BEGIN SUPPLIED DATA

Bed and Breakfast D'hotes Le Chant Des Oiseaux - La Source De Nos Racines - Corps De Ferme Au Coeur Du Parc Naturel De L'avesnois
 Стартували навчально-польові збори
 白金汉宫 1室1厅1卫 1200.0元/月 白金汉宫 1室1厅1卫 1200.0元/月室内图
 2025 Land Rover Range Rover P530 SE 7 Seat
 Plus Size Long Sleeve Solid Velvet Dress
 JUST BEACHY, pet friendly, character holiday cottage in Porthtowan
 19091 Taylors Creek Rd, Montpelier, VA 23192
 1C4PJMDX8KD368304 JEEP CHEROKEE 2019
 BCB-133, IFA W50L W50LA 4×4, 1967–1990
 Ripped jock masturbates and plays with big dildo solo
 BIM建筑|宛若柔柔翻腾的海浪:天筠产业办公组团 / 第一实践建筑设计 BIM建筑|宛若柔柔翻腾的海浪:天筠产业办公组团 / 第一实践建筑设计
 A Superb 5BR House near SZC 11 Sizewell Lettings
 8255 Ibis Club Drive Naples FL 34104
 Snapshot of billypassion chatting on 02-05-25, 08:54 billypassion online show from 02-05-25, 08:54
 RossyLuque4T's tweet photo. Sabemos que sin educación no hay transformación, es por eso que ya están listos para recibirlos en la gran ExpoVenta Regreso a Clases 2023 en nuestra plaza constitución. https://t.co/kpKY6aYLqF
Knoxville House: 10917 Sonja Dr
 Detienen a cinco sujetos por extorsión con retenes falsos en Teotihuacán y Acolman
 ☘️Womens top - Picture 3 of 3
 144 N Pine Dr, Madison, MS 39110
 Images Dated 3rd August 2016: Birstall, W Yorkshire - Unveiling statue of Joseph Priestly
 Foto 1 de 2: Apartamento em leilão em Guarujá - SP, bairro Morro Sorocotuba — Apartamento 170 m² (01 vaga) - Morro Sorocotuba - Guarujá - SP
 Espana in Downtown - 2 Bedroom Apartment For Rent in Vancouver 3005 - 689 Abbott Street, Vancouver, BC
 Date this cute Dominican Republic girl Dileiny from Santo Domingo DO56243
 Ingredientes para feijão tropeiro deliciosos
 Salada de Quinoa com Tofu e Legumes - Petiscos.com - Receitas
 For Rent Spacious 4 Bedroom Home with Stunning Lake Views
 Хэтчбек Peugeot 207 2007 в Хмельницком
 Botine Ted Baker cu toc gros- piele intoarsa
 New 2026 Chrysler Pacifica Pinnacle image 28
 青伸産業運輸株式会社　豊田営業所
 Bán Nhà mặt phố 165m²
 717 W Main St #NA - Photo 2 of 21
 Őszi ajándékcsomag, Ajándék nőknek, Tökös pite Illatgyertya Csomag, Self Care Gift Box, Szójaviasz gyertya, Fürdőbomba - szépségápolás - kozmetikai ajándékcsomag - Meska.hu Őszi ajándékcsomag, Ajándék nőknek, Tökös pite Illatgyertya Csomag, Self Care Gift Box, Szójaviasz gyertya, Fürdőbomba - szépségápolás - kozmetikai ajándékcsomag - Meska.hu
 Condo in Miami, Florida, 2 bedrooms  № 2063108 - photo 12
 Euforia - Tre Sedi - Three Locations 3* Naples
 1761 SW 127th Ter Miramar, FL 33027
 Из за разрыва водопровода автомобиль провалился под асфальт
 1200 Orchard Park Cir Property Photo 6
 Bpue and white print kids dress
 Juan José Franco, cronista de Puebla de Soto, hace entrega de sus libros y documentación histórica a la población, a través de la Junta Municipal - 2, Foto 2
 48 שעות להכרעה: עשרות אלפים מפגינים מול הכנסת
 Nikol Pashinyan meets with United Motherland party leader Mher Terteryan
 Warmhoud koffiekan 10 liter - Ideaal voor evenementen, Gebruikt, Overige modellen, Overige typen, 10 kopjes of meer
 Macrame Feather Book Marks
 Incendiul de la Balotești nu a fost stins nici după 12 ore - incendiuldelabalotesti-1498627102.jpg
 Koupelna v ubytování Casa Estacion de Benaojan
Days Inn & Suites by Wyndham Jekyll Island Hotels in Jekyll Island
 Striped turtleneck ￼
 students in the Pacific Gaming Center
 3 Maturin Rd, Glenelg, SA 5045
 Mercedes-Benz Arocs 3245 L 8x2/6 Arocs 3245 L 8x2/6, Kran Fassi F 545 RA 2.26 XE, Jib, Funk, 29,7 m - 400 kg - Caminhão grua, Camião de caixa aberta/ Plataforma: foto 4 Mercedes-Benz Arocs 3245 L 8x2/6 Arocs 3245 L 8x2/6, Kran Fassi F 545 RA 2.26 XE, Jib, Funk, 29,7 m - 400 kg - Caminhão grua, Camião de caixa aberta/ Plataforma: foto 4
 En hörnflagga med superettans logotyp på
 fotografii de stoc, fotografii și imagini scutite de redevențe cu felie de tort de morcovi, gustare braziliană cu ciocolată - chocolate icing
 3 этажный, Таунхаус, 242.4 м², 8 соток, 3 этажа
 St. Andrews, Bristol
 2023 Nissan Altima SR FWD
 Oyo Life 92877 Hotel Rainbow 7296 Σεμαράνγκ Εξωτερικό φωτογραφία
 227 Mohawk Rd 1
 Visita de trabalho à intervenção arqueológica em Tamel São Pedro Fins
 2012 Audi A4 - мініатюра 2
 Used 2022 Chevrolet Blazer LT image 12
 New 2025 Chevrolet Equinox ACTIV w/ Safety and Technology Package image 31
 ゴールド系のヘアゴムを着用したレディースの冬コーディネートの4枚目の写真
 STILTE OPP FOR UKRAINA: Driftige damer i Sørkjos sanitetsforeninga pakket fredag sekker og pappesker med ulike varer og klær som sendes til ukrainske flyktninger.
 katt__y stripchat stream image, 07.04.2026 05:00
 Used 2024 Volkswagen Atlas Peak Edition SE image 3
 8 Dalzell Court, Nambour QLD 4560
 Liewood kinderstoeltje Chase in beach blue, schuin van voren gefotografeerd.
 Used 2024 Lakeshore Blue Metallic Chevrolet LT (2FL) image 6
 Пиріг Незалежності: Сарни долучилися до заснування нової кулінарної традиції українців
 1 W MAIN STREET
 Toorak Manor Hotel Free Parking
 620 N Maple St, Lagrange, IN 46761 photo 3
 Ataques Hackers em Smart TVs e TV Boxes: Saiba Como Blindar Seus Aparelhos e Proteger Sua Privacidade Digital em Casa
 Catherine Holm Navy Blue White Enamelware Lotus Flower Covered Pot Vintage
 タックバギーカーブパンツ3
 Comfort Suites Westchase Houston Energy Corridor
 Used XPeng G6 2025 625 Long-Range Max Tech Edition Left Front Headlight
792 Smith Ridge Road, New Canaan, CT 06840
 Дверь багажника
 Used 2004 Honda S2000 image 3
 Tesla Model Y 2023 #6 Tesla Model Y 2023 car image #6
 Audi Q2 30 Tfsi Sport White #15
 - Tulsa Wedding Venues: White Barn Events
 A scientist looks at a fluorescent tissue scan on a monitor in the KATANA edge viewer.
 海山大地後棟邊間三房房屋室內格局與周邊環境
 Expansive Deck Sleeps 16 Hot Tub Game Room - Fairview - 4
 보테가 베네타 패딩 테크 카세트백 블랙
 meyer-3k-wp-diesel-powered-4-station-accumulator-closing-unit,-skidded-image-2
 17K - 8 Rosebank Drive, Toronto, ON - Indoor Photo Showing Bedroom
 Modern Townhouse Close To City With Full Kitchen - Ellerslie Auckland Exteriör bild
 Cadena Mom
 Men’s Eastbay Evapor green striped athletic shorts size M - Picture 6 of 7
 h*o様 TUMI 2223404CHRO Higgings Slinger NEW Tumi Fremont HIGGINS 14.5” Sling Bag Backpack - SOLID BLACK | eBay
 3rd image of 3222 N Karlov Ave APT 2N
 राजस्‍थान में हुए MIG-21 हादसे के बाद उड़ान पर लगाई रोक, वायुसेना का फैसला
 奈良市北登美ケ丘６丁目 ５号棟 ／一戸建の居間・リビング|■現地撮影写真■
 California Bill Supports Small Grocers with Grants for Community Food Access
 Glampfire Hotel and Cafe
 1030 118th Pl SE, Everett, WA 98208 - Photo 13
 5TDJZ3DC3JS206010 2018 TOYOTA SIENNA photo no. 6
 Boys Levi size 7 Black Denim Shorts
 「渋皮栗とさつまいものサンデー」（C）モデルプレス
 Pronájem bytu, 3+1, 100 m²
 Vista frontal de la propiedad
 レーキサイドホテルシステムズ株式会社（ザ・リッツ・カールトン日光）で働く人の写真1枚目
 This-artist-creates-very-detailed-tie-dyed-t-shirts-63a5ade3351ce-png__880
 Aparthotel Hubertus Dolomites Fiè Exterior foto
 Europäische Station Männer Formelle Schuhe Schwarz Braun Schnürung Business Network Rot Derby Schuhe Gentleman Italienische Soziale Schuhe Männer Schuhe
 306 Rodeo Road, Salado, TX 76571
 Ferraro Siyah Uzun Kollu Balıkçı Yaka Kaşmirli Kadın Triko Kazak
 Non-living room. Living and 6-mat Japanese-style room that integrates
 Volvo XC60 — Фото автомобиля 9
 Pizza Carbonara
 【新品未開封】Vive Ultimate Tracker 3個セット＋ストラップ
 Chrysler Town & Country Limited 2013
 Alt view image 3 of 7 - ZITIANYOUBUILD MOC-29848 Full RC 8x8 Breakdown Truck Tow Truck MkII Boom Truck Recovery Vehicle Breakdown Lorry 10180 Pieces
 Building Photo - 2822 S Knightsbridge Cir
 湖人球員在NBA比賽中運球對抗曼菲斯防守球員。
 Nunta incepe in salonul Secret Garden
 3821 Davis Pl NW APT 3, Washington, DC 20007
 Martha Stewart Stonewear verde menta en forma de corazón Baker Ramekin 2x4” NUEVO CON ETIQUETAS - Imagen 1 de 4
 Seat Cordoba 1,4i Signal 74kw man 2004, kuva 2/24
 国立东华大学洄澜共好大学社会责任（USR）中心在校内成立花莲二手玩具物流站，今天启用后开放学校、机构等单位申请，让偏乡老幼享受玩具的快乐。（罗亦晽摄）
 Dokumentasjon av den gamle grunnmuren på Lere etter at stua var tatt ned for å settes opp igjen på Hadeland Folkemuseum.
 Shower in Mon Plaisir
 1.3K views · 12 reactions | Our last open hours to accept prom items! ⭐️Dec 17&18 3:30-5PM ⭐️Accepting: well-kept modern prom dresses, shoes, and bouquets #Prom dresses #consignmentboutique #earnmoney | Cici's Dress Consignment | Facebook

END SUPPLIED DATA

■ TASK DETAILS ■
Search the entries for the word "Used" and show every line that has it.

■ RESULT BELOW ■
 Used 2022 Chevrolet Blazer LT image 12
 Used 2024 Volkswagen Atlas Peak Edition SE image 3
 Used 2024 Lakeshore Blue Metallic Chevrolet LT (2FL) image 6
 Used XPeng G6 2025 625 Long-Range Max Tech Edition Left Front Headlight
 Used 2004 Honda S2000 image 3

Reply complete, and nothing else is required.